Problem statement:
All of the listing, from first line to last, should be output exactly; the pictures stay out.

*** Recorded information ***

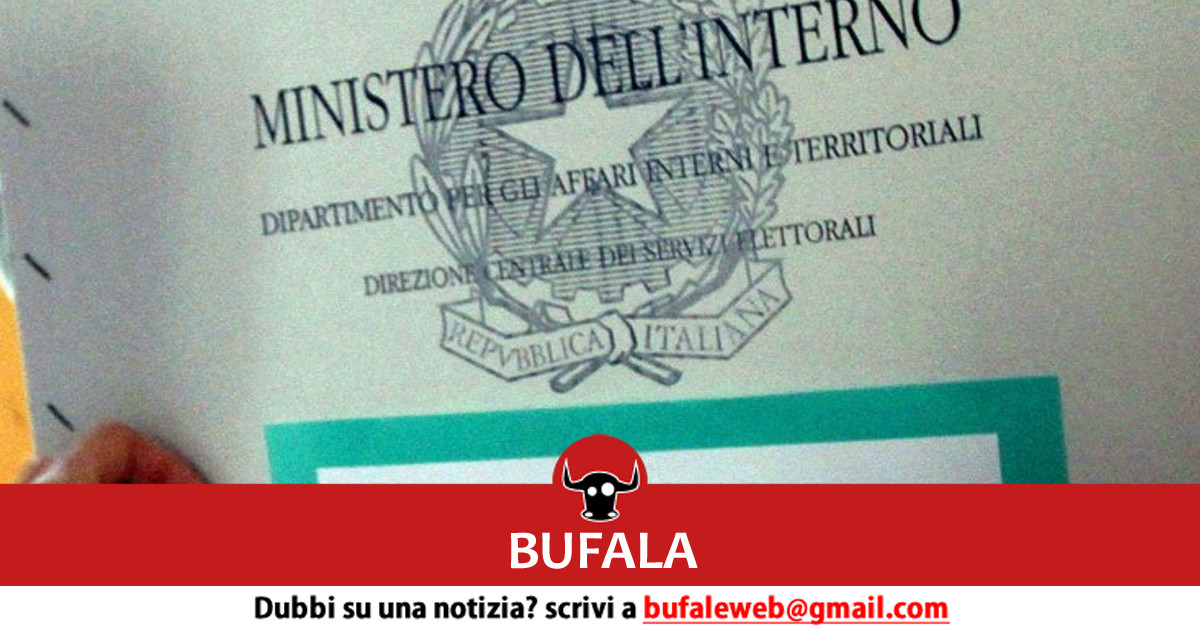 Bufala Facebook sulle schede elettorali precompilate con il simbolo del PD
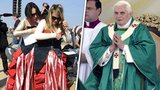 Papež v Brně: Protestovaly proti němu lesbičky!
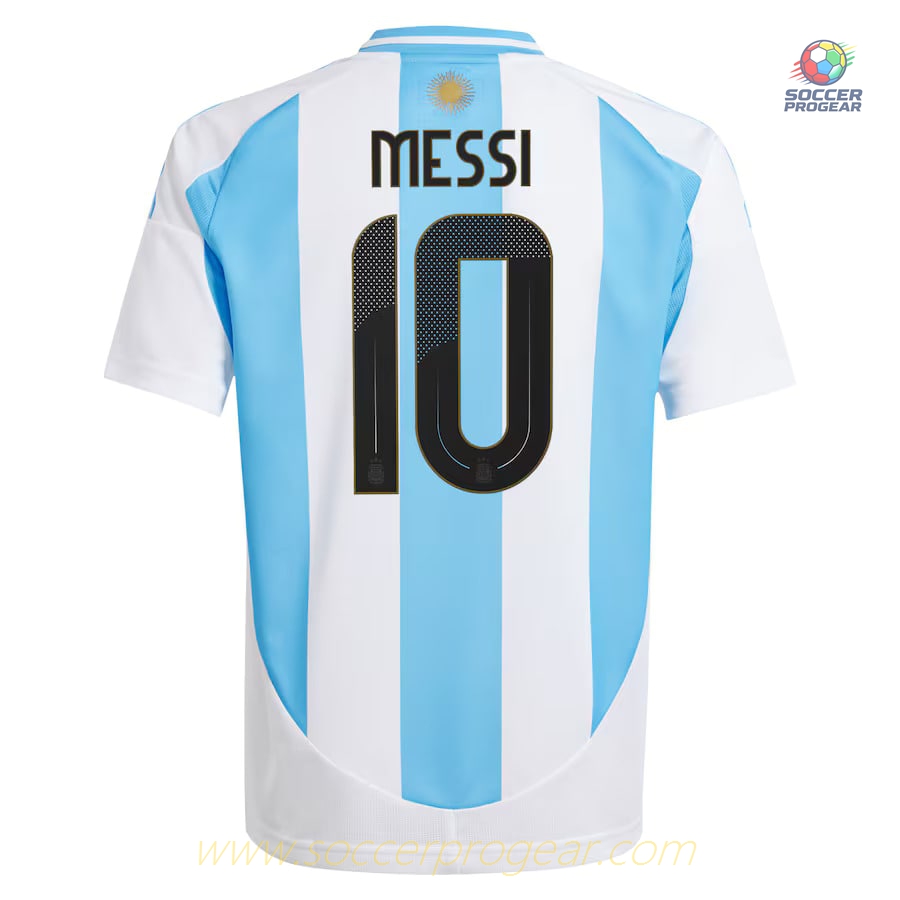 CHILDREN'S ARGENTINA Fan Edition HOME JERSEY 2024/25 Collection MESSI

*** End of Recorded information ***

Task solution:
 Bufala Facebook sulle schede elettorali precompilate con il simbolo del PD
 Papež v Brně: Protestovaly proti němu lesbičky!
 CHILDREN'S ARGENTINA Fan Edition HOME JERSEY 2024/25 Collection MESSI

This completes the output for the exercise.